AIM OF THE TASK:
Give back the data below word for word. Any image in it should be left out.

INFORMATION SUPPLIED:
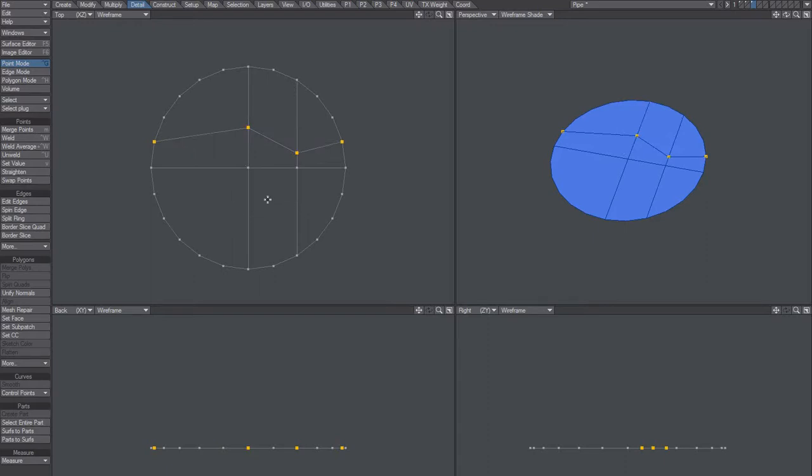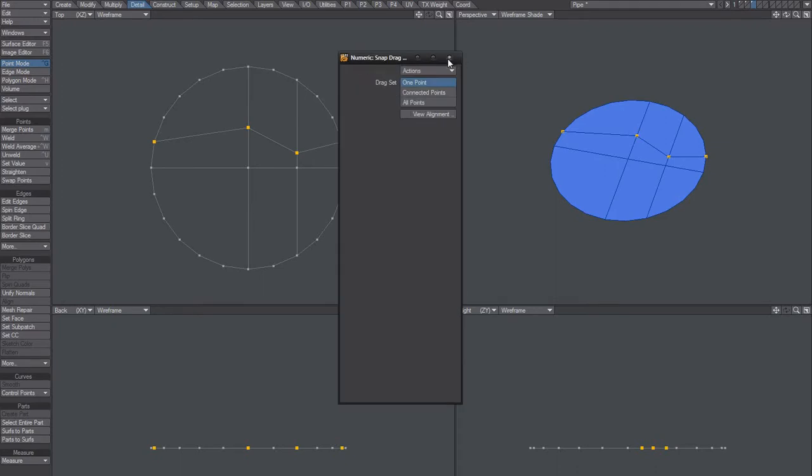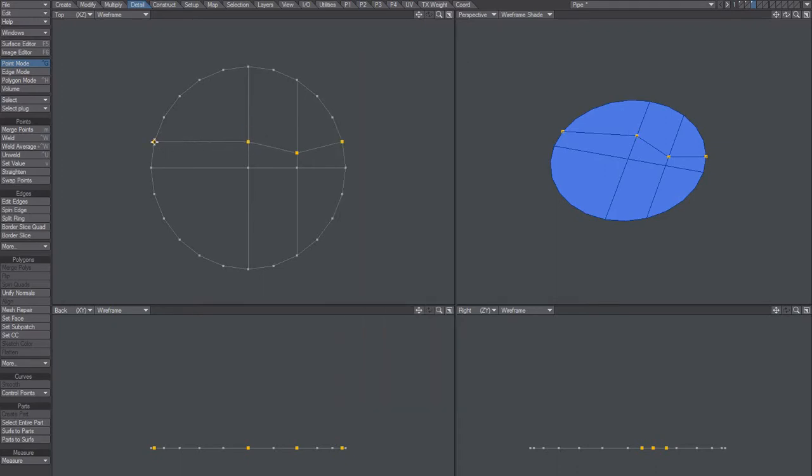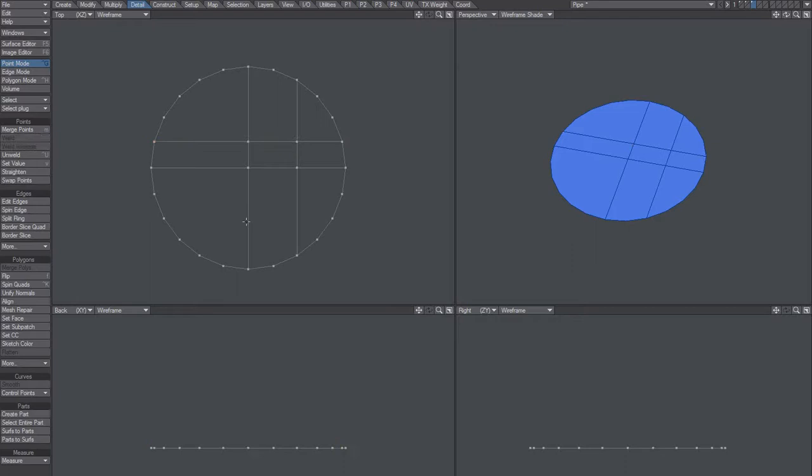Then you'd have to snap drag this point here to that one, and this one to that one. But I mean, why can't I just select this one and that one and say slice that? Press L or something like that.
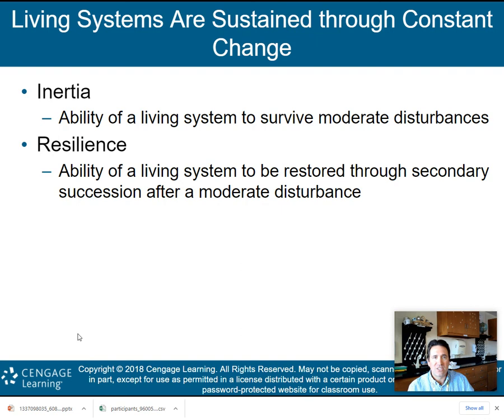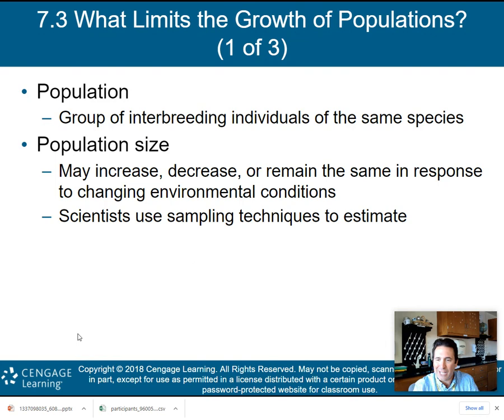That's going to end part one of my lecture on chapter seven. We'll come back and do part two, starting with what limits the growth of populations. I will see you then.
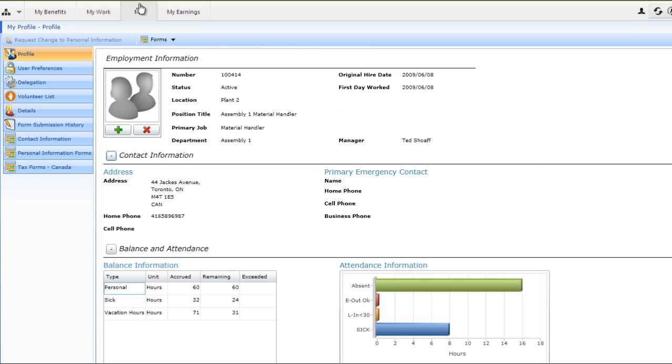I've now switched over to the me tab. This is where Aaron can view his profile and manage his personal and professional information.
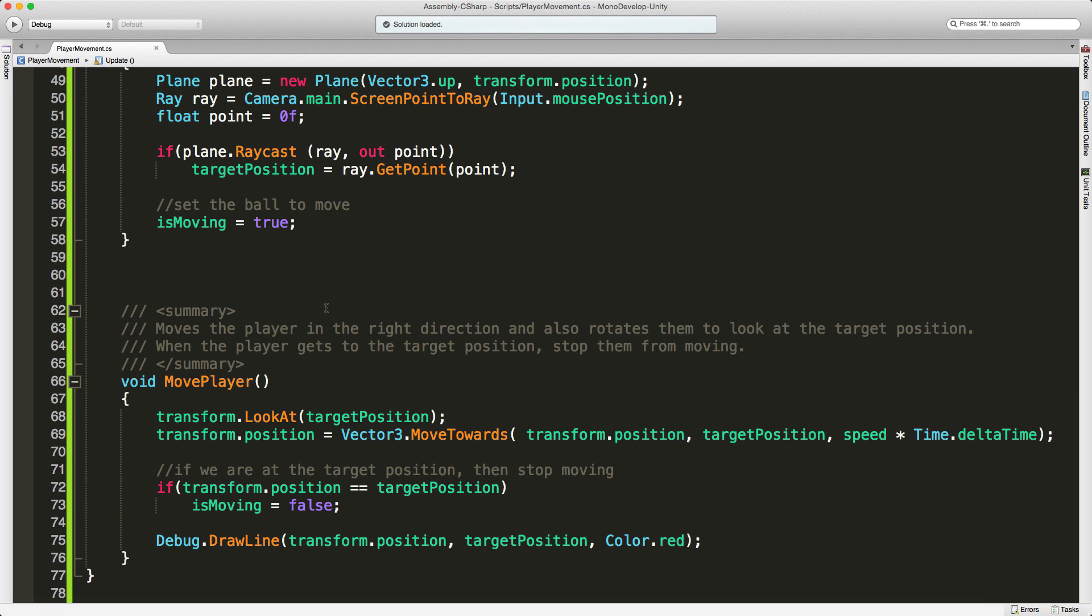I've just taken a basic approach and just use the transform. What I'm going to do is take the transform and use the dot look at to have my sphere rotate around to look at the target position where I want to move to.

TASK OUTPUT:
Then you'd have to snap drag this point here to that one, and this one to that one. But I mean, why can't I just select this one and that one and say slice that? Press L or something like that.
That's going to end part one of my lecture on chapter seven. We'll come back and do part two, starting with what limits the growth of populations. I will see you then.
I've now switched over to the me tab. This is where Aaron can view his profile and manage his personal and professional information.
I've just taken a basic approach and just use the transform. What I'm going to do is take the transform and use the dot look at to have my sphere rotate around to look at the target position where I want to move to.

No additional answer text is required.